Sam Trickett jest obecnie pokerzystą, który zajmuje pierwsze miejsce na angielskiej liście All Time Money. Wkrótce może się to jednak zmienić. Ściga go Stephen Chidwick, który ma zaledwie trzy miliony mniej w cashach.
W tym tygodniu Chidwick pojawił się w koreańskim Jeju na turniejach Triton Series. Anglik zagrał nawet event Short Deck, co jest może nieco zaskakujące. Kojarzymy go bowiem z No Limit Holdem. Mówi jednak, że chciał poczuć, jak gra się nową odmianę, a że wpisowe było dość przystępne (13.000$), to postanowił spróbować.
Jeszcze parę lat temu Stephen nie grał aż tak wysoko, jak dzisiaj. Wtedy zresztą nikt nie grał, bo przecież w ostatnich latach pojawiła się tak duża liczba wielkich High Rollerów:
– Te wpisowe wszędzie rosną, jak szalone. Kiedy zaczynałem grać, turniej za 10.000$ był wielkim eventem. Dzisiaj moje średnie wpisowe wynosi 30.000$ i wydałem już na buy-iny 4.500.000$. To szalone, kiedy zorientujesz się, ile kasy wykładasz na poszczególnych festiwalach. Oczywiście spora część z tej kasy to zainwestowane pieniądze – nie wydaję takich kwot samemu. To jednak ciągle szaleństwo.
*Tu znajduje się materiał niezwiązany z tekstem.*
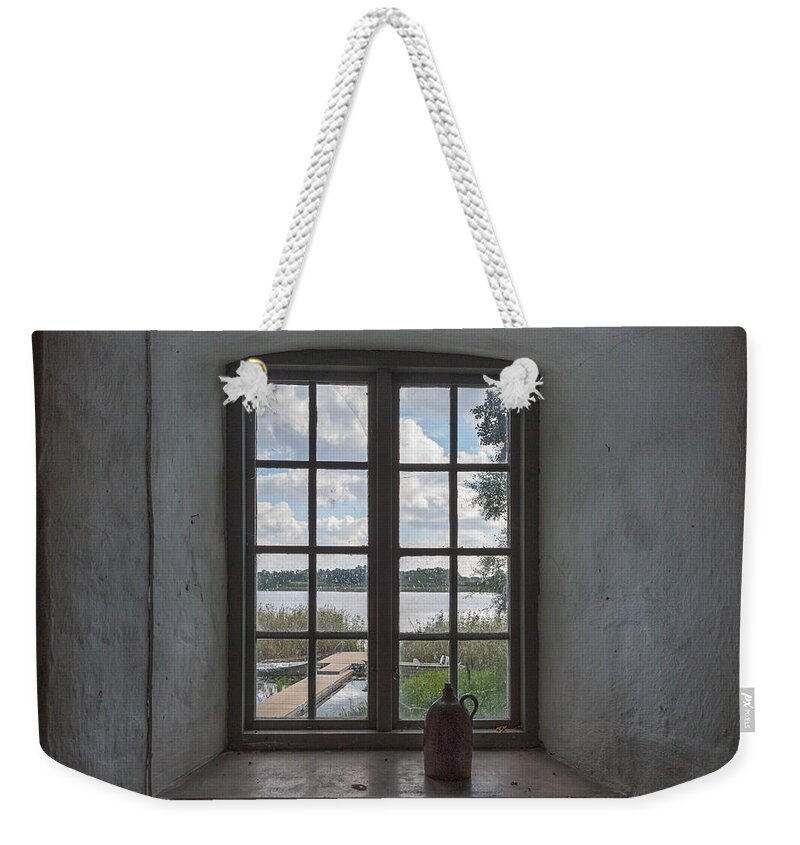 Outlook Weekender Tote Bag featuring the photograph Outlook by Torbjorn Swenelius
Stephen przyznaje, że zasiadając do One Drop spodziewał się nieco innego turnieju. Zdawał sobie sprawę, że sama gra w evencie za 1.000.000$ może przynosić inne odczucia. W momencie, gdy znalazł się przy stole, turniej ten stał się jednak takim, jak inne – chodziło już tylko o dobre decyzje.
Dla Anglika Short Deck Holdem to oczywiście dobra zabawa. Przyznaje, że w niektórych spotach ciężko było zorientować się, jakie ręce są faworytami i co mają rywale. Samej gry chętnie by się nauczył, ale zdaje sobie sprawę, że nie ma tylu narzędzi, które można w tej sytuacji zastosować. Na razie trzeba więc obserwować rywali.
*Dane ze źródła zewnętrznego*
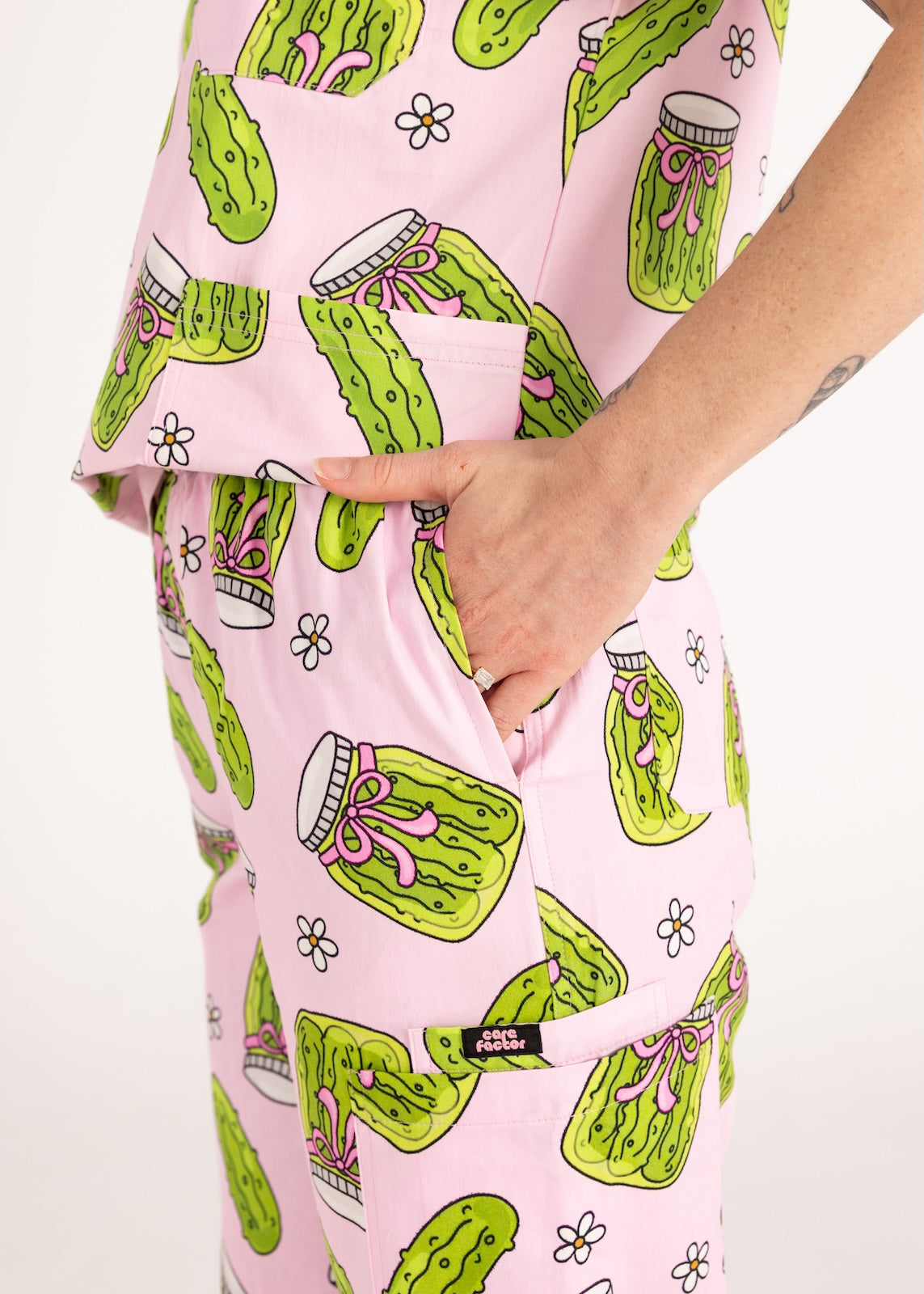 Person wearing pink fun scrubs with pickle pattern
Bycie numerem „1” jest niezwykle ważne
W rozmowie z Lee Davym pokerzysta mówi, że od dłuższego czasu jego celem był awans na pierwsze miejsce w klasyfikacji Global Poker Index. To wspaniałe uczucie, bo pokazuje efekt jego starań i ciężkiej pracy, którą wykonał.
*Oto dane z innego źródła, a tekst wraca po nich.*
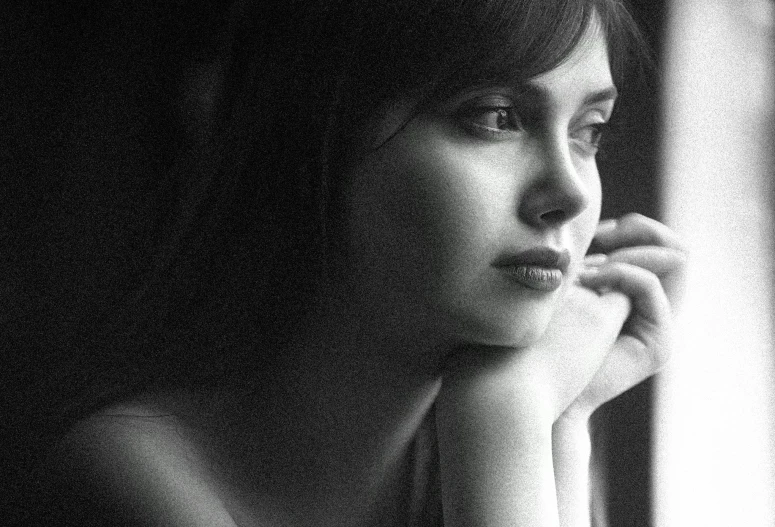 a black and white pograph of a woman looking out the window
– To niesamowite. To cel, który miałem od dłuższego czasu. Mam wrażenie, że grałem w High Rollerach przez dłuższy czas bez wyników, które odpowiadałyby przygotowaniu i pracy, którą na to poświęcam. W tym roku spełniły się moje sny – radzę sobie doskonale, wygrywam, a do tego moi rywale chwalą moją grę. Nie powiedziałbym, że zasłużyłem na zwycięstwo we wszystkich eventach, które wygrałem, ale jednak takie słowa od oponentów są wspaniałe.
Jak sam podkreśla, godziny nauki i gry nie oznaczają jednak, że grał perfekcyjnego pokera. Mówi nawet, że jest daleko od tego. Wspomina jednak, że dziwnie patrzyło się na rywali, którzy nie zawsze na naukę poświęcali tyle samo czasu, co on, ale wyniki mieli lepsze. Zastanawiał się wtedy czego mu brakuje.
– Wtedy wygrywasz parę turniejów. Zauważasz, że dostawałeś dobre ręce i wygrywałeś all-iny, a potem wszystkie żetony.
Czy jednak bycie numerem „1” oznacza jakąś szczególną presję? Anglik mówi, że jest zupełnie odwrotnie. Czuje sporą ulgę, bo to wielki sukces. Teraz nadchodzi czas na zajęcie się rodziną, a więc osiągnięcie szczytu GPI było ważnym celem.
– Będę próbował osiągnąć rekord długości liderowania GPI, ale nie czuję presji. Świetnie mi się gra w pokera na tym poziomie i jest to ciągle znakomita zabawa.